Executive Leadership Changes at Major Hospitals
The CEO of University of Chicago Medicine's hospital division has stepped down from the role. In a separate move, Fraser Health in British Columbia, Canada, named Dermot Kelly as its new chief executive amid a broader leadership transition. The changes reflect ongoing turnover in the C-suite of major North American health systems.

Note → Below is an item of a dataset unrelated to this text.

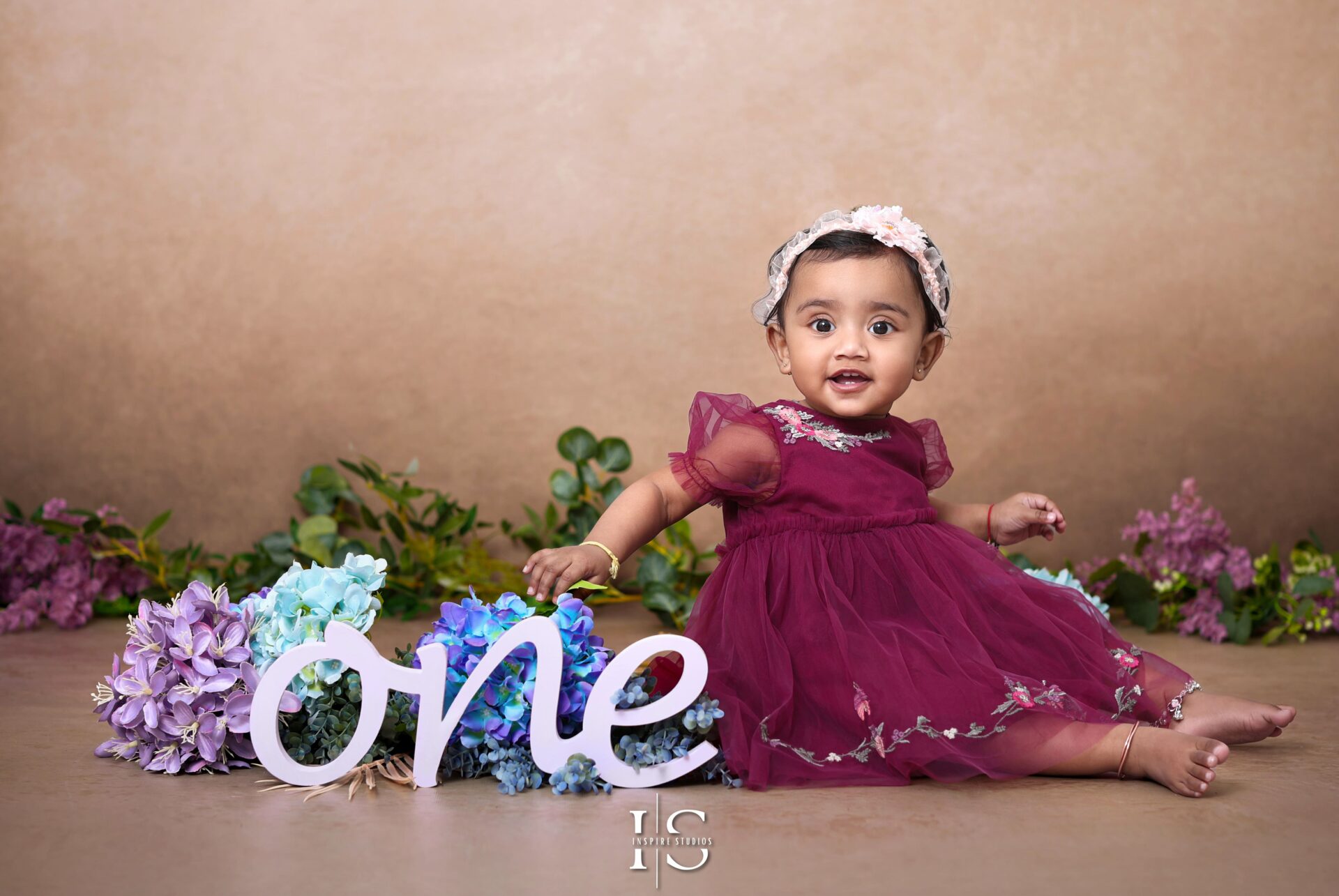 Boho themed one year birthday photoshoot for girls in London studio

- Hospital CEO turnover is a persistent trend; in 2023, there were 146 CEO changes in U.S. hospitals, a 42% increase from the 103 changes reported in 2022. Through the first half of 2025, hospitals saw 68 CEO exits, a slight increase from the 66 during the same period in the prior year. - Dermot Kelly, the new CEO of Fraser Health, has over 20 years of leadership experience in British Columbia's health system and has held several key roles at Fraser Health over the past six years, including overseeing medical imaging. He replaces interim CEO Dr. Lynn Stevenson, who was brought in after the previous CEO, Dr. Victoria Lee, departed in February 2025. - The shift of imaging services to outpatient settings is a significant trend, with approximately 40% of all radiology volume now occurring in outpatient centers rather than hospitals. Projections indicate that over the next decade, standard outpatient imaging volume will grow by 10%, and advanced imaging will increase by nearly 14%. - Health systems are increasingly developing freestanding imaging centers through acquisitions, joint ventures, or new construction to adapt to this shift in care. This strategy allows them to capture patient volume that is moving away from higher-cost hospital settings. - Effective January 1, 2025, the Centers for Medicare & Medicaid Services (CMS) will separately reimburse for high-cost diagnostic radiopharmaceuticals in the hospital outpatient setting. This policy change addresses issues where bundled payments previously failed to cover the cost of expensive but necessary imaging agents. - Persistent workforce shortages for both radiologists and technologists are straining imaging departments, leading to diagnostic delays. In 2025, vacancy rates for CT technologists reached a high of 19.4%, and MRI technologist vacancies rose to 17.4%. - To combat staffing shortages, some health systems are centralizing their imaging management structure, moving from a hospital-centric model to one organized by imaging modality across the entire enterprise. One system that implemented this saw a 19% increase in work relative value units at the modality level within two years. - The Medicare Physician Fee Schedule for 2025 includes a proposed 2.8% payment cut, continuing a downward trend in reimbursement that could further impact radiology practice revenues. This follows a 1.77% reduction in 2024 after congressional intervention lessened an initially steeper cut.